Not Born In A Manger

My first encounters with God and religion were rather strange. My mother, who may be amused at this description4, was once possessed by a Jehovah's Witness spirit. The picture above shows my father and I in our 'Sunday Best' in Ohio before I got to sit down and be quiet for an extraordinarily long amount of time. Or so it seemed. There was a boring guy in the front of the congregation - they called it the congregation - talking in a manner which I would later be able to identify as a monotone. Every now and then, he would tease all the kids in the congregation by raising his voice a little. You could almost always see all the heads pop up at once. Sometimes even a few adults did too.

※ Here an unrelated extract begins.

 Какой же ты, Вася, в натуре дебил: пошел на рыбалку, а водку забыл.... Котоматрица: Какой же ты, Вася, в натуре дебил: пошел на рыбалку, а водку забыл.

So God liked me to wear a bow-tie.

I think I failed to mention that my father, too, was possessed by a Jehovah's Witness. They were distinctly separate possessions, my mother and father, but the spirit was there. I read all the books that were given to me to read - words always were attractive - and it wasn't long before I realized the ultimate truth of everything.

God did it!

I thought that was the perfect excuse. "Who left the Legos all over the floor?"
GOD!
"Why did you eat those cookies?"
God said it was OK!

But somehow, deep down, I knew that the phrase, "I don't know" would be better received than my parents realizing that their child had a special relationship with God. That we played with Legos together, built space robots and defended the Universe from the neighbors space robots. So I never used it that I recall. Either that or I blocked the resulting spanking I must have gotten.

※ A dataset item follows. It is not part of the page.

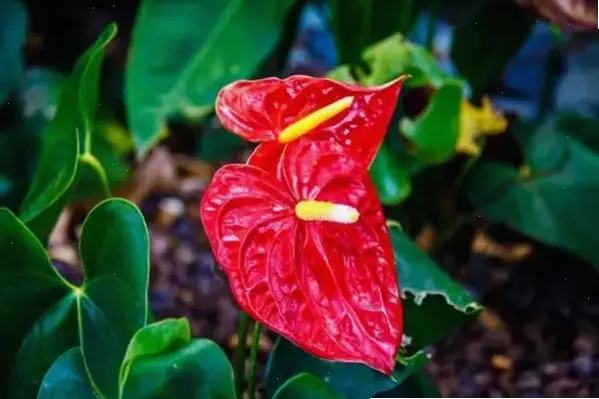 Hoa hồng môn cắm bình đơn giản mà thanh lịch, tạo điểm nhấn tươi tắn cho bàn làm việc hoặc phòng khách thêm phần hấp dẫn.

The point is that the adults were very interested in God. But all things being said, God didn't seem too interested in me. When the bullies at school gave me a hard time, I honestly did try to turn the other cheek. But those bullies were ahead in their reading: They hit me in the other cheek. Conniving bastards. So I decided that if God wouldn't do something, maybe it was because I was supposed to do something besides turning the other cheek. Going a little crazy and beating the snot out of one on the schoolyard and not being caught must have been a sign from God, right? Good old Jehovah. He was just making sure I could take care of myself.

Of course, the whole thing makes more sense and takes less time to tell if you take Jehovah out of it. But I hadn't gotten that far yet.

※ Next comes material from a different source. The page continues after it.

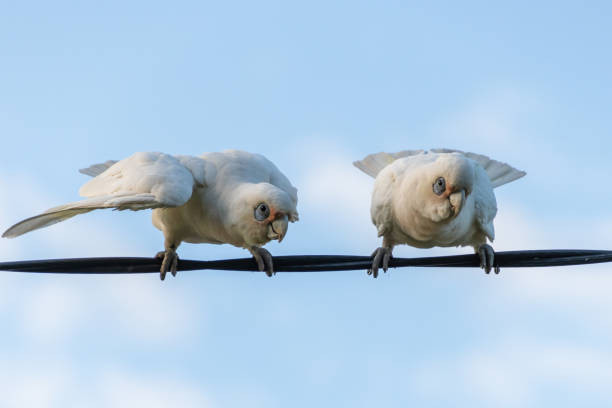 istock Birds on a wire - Long-billed Corellas showing off 1187073322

Birthdays. I had no birthday parties up until age 10. They said - they being a bunch of larger children who claimed adulthood - that Jesus didn't celebrate His birthday, so neither should we. And that almost makes sense. Except... we don't know Jesus didn't celebrate his birthday. I read and read and read. It said nothing about him having a birthday party. But it also didn't say anything about him not having a birthday party. The same was said with Christmas.

Then I thought, "That poor kid! Jesus was a Jehovah's Witness!". And without knowing it, I had struck on the circular argument. I was OK with all of this until a Jewish girl at school (a Rothschild, as I recall) told me that Jesus was a Jew. So I asked another friend. And another. So the wisdom of the 1st grade verified that Jesus was a Jew, not a Jehovah's Witness. And Jewish people celebrated birthdays. No Christmas, but Hanukkah.

And wait a minute! What about these three wise men and the gifts that first night?

Clearly, the adults had this all wrong. They did that a lot, but I had no idea how much until I almost became one myself.

(to be continued)

1 Somewhere there is a marketer who will now write a book about appealing to the center of the being of a market. Ain't that original...
2 And I keep forgetting people think that is weird. So I slip now and then. Sorry.
3 I'd also tell you that I have a burning sensation in my feet and need some tinactin.